A REVENUE SOURCE OR REFORM? 

For years State Representative Eddie Day Pashinski has been saying that there could be affordable health care for low income Pennsylvanians. Pashinski has been advocating that the money come from the Vendor Tax which raises over 70 million dollars every year. The state needed about 49 million to save the Adult Basic program. This past week, the Citizen’s Voice ran an editorial about the future of the Vendor Tax. It is, like many things governmental in Pennsylvania behind the times. Here’s what the newspaper opined: 
Back when you bought hardware at the local hardware store, prescriptions at the neighborhood pharmacy and clothes at a local shop, it made sense for the state government to reward those merchants for collecting the state sales tax and turning over the money regularly, on time. The process was labor-intensive and imposed significant costs on small retailers, who kept handwritten books. Now, of course, the process is automated for almost all retailers, especially for the big-box hardware, electronics and general merchandise retailers that have replaced the corner store. Yet the commonwealth continues to allow vendors to keep 1 percent of the sales taxes they collect if they turn over the money on schedule. Former Gov. Ed Rendell proposed eliminating the vendor discount about five years ago, arguing that the computerization of retail sales and accounting had rendered it unnecessary. Now, Gov. Tom Corbett has proposed a modified version, capping the discount at $250 per month. Substantial revenue is at stake. According to the left-leaning Pennsylvania Budget and Policy Center, the vendor discount will leave $71 million in tax collections with retailers by June 30, the end of the current fiscal year.
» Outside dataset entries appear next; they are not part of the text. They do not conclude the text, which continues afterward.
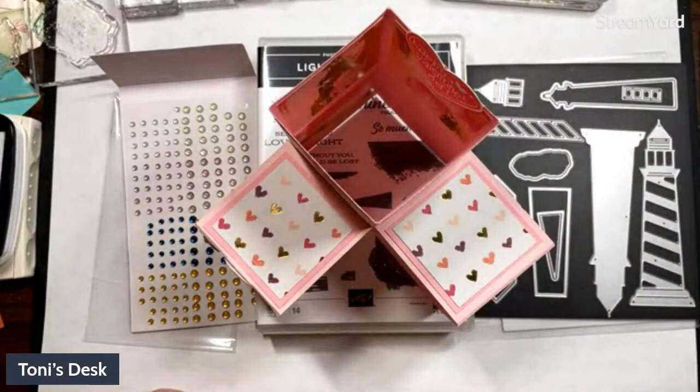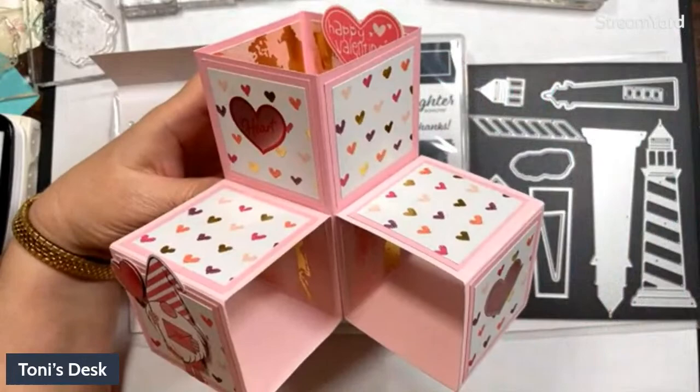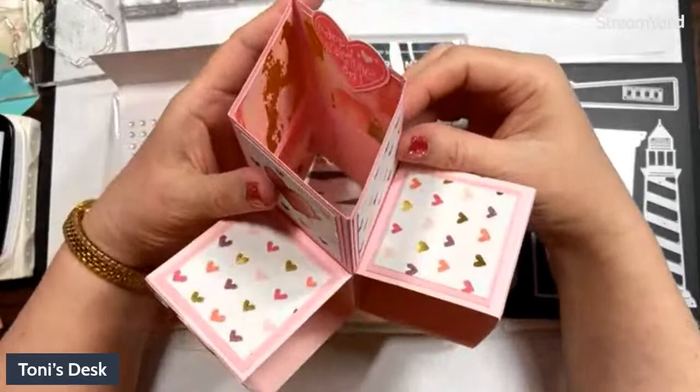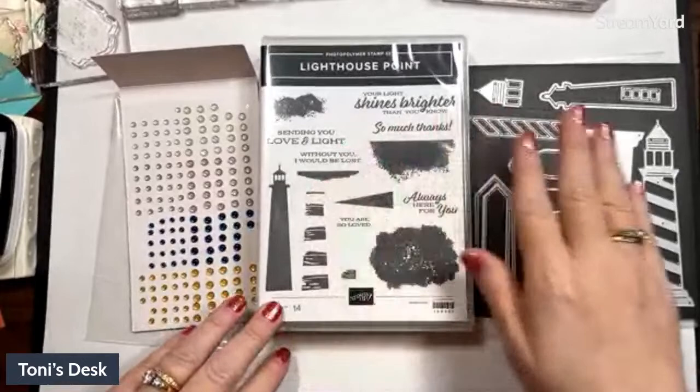Let me show you real quick what we did last night. I got a Valentine in the mail from Peggy — a fun cube card from my first virtual stamp club last month. Each cube is about two and a half by two and a half, so the whole thing is five by five. Really cute — I came up with an easier way to make it than the instructions I found. Thanks Peggy! So, recap: we're using Lighthouse Point dies and these milky dots.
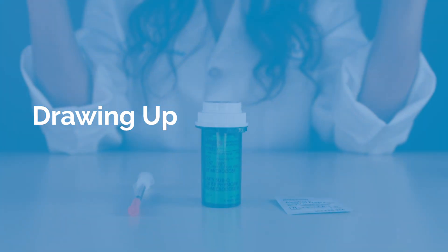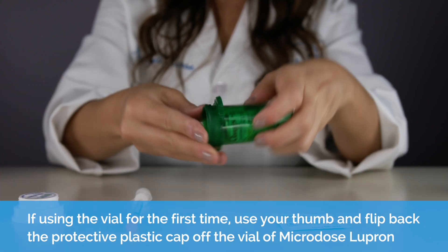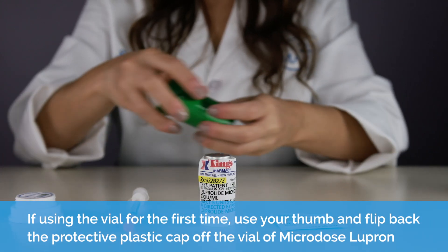Drawing up. If using the vial for the first time, using your thumb, flip the protective plastic cap off the vial.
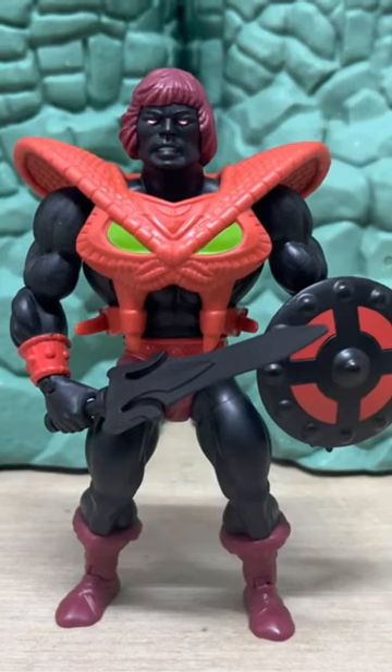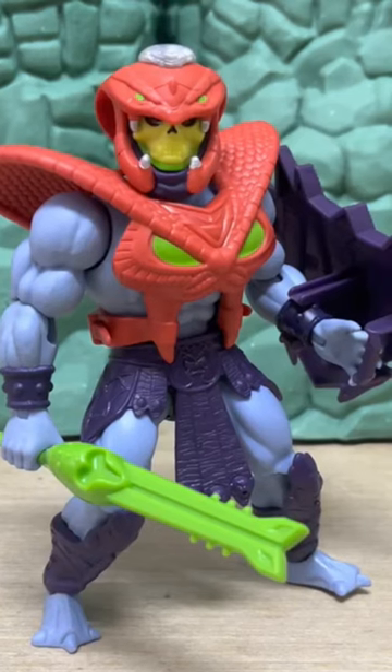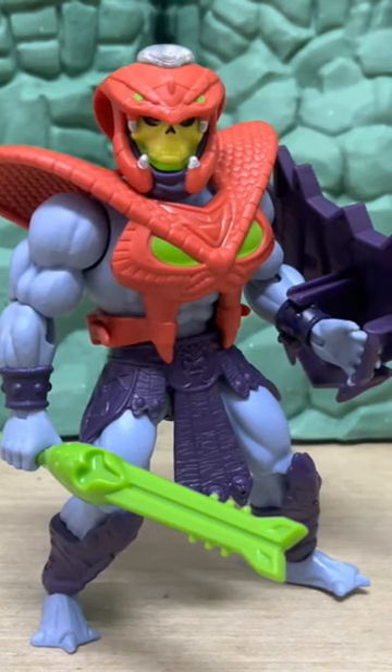Here with the Anti-Eternia He-Man. The snake armor has got some potential — that's one of the key reasons to actually grab this figure, to use the armor and fit it onto other figures and make them sort of get possessed too.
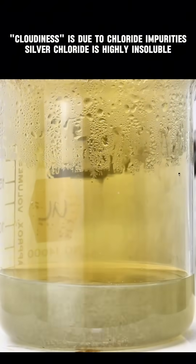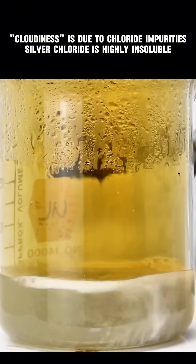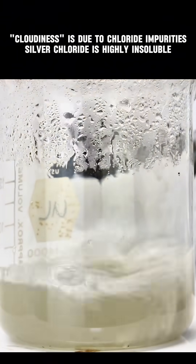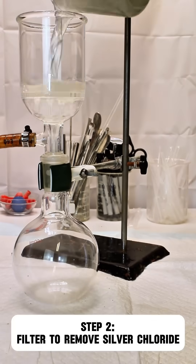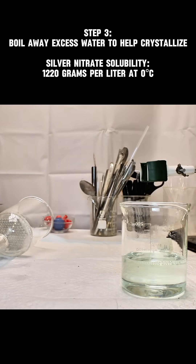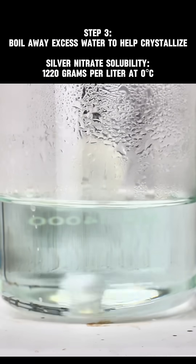Anyway, as the silver dissolves you might notice the solution become a little bit cloudy, and that's totally normal. This is caused by minor chloride impurities in my water which forms the incredibly insoluble silver chloride. I went ahead and removed the silver chloride by passing the solution through a fritted funnel a few times, and then boiled down the resulting filtrate.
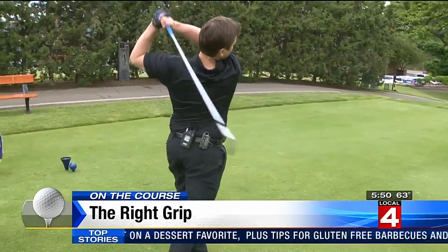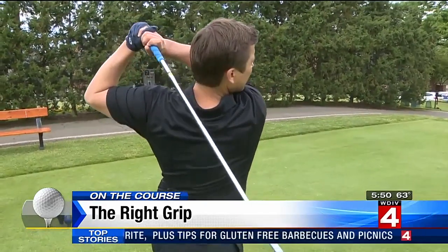Just a nice high draw like that, right down the middle. Wow. Nice and loose grip — it worked. I think you got a future in this. We're going on the tour!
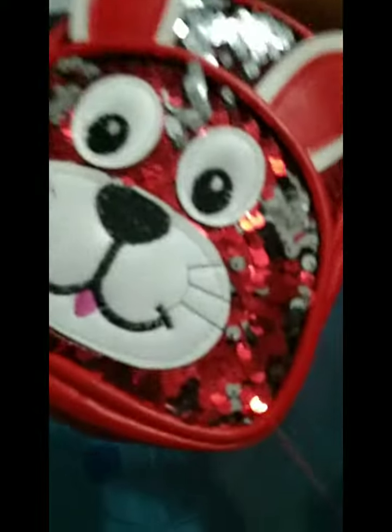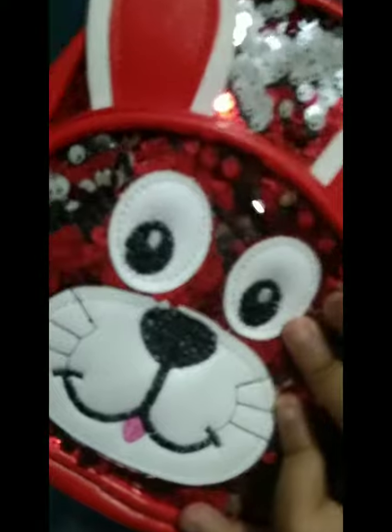Hello guys! Today I'm going to show you a new Puppet Unboxing! So, as you can see, there is my bag. And I'm going to show you Puppet.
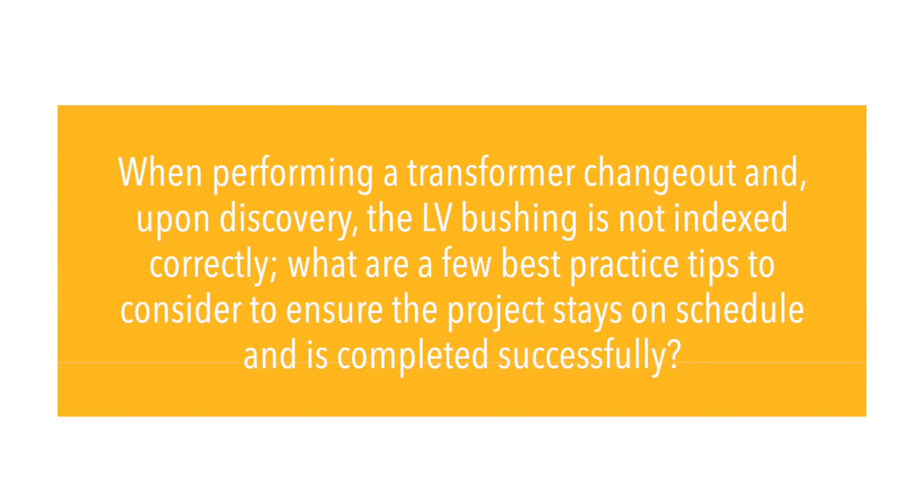When performing a transformer changeout and, upon discovery, the LV bushing is not indexed correctly, what are a few best practice tips to consider to ensure the project stays on schedule and is completed successfully?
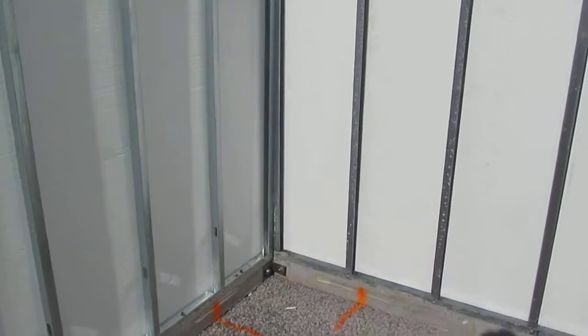This basement will be a workshop, so it will be plywood on the walls. The orange stripes are where the rebar is — you'll pull them out for the floor.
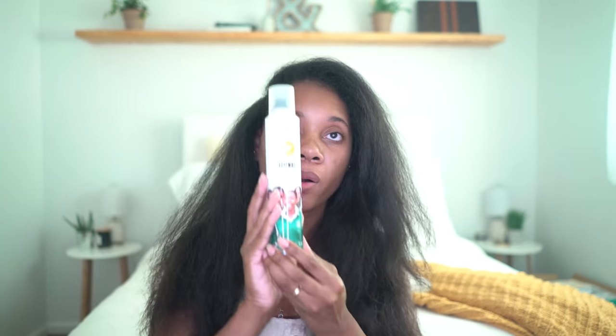Alright guys, my hair is fully blow-dried, so now it is time to straighten. Before I flat iron my hair, I always spray Spraywall by AG Hair — this is the product I use to protect my hair when flat ironing and I swear by it. You're going to see it comes out really silky smooth once I'm done with it.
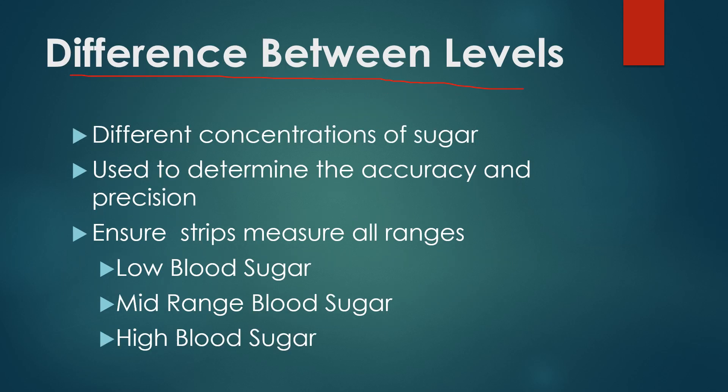So what's the difference between the levels? It's a different concentration of sugar, used to determine the accuracy and precision of your meter. We have different levels so we can check to make sure it's accurate at low ranges and at high ranges. Some strips even have a middle range that you can test for. It simply checks to make sure your strips and your meter are accurate in all situations — low blood sugar, high blood sugar, etc.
More than $1 million each will go to just five companies - Walmart alone will retain up to $3.1 million - and another 11 will keep $500,000 or more each. To keep $500,000, a company would to have more than $833 million in taxable sales. Among all retailers, however, most are small. About 74 percent will retain $50 or less. There is no reason to continue paying massive retailers to collect taxes they are required by law to collect, especially since the heavy lifting of doing so has been taken over by automated systems. Lawmakers should adopt the revision not only for the revenue, but as one step toward modernizing the state's tax structure.

1 Comments:

At 7:31 AM, Anonymous Anonymous said...

A simple fix would be to lower the retained fees for collecting the sales tax using a sliding scale. Lrge companies such as WalMart would receive less based on their gross sales. I say this in agreemeent that with the computeriaztion of big business, the cost of collecting and maintaining sales records is not what it once was. However small companies who do not have the luxury of the Walmart type acconting system would retain their "commission" because it truly is a hardship to collect the tax and maintain the proper records. Therefore, small companies should retain the current commission while larger companies get a reduced fee for compensation. It would be easy enough to crate a sales volume structure that would define the amount of retained commissions by businesses.